The debate over how lawmakers should or should not respond has brought the gun control debate front and center after the Parkland Massacre.
For perspective from a gun storeowner, we interviewed Alex Shkop, the owner of the Gun Range and Training Center in West Palm Beach. He said he saw a slight bump in gun sales following the shooting, which surprised him. But, he says, the conversation over gun control is focused on the wrong thing.
“We just need to embrace the reality. That is what the conversation truly needs to be about because it’s really hard to fix evil by a law. We have plenty of laws and that’s why our jails are full,” he said.
The father of two says an assault rifle ban might make us feel better, but it wouldn’t work.
I asked him, “What would you say to someone that says it was easier with that style of weapon than say a knife or something else?”
He replied, “That’s where I disagree because basically people saying it’s okay to kill one person and it’s not okay to kill 17. I disagree with that concept because I think we need to protect every life and we shouldn’t sacrifice one.”
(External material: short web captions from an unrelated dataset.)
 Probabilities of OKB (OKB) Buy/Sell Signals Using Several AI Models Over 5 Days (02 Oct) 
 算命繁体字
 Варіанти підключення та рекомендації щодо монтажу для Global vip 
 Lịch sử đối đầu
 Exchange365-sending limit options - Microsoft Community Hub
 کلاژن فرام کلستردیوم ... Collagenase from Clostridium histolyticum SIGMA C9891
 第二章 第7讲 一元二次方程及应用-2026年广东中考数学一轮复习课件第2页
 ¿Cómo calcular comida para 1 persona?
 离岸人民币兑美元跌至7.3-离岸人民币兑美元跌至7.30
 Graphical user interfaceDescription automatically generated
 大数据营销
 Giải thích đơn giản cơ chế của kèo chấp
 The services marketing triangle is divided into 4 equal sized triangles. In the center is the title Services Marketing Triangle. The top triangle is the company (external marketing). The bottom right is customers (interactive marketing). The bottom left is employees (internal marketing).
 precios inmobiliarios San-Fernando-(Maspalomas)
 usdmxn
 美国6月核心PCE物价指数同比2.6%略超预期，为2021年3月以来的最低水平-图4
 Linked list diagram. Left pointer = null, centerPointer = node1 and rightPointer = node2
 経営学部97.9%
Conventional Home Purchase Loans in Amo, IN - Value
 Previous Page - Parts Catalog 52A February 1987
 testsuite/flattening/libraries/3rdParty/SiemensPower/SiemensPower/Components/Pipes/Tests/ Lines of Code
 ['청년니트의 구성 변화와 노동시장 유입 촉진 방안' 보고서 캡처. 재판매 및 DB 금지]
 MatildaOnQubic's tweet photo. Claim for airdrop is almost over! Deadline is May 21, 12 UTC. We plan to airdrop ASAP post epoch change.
But what about raising the age to buy a gun to 21?
“I am not against that at all. If that helps, we should probably do it.”
We met now 24-year-old Parker Hedrick inside the store.
“I bought my gun when I was 18. It was a bolt action,” he says. His view is only if the gun is assault style, the age limit should be raised. “I remember when I was a kid, I was always thinking the clearest but I wasn’t thinking in terms to harm someone.”
Alex says if it’s not a gun, people will find something else to harm people. That that is where the root of the problem is.
“You can’t take evil out of the human race. That’s the issue,” he said.
President Donald Trump and others including Florida Governor Rick Scott said recently that they would support a bump stock ban.
I asked Alex about that. He said he doesn’t even sell them here but if it was something that would make people feel better than he would support it.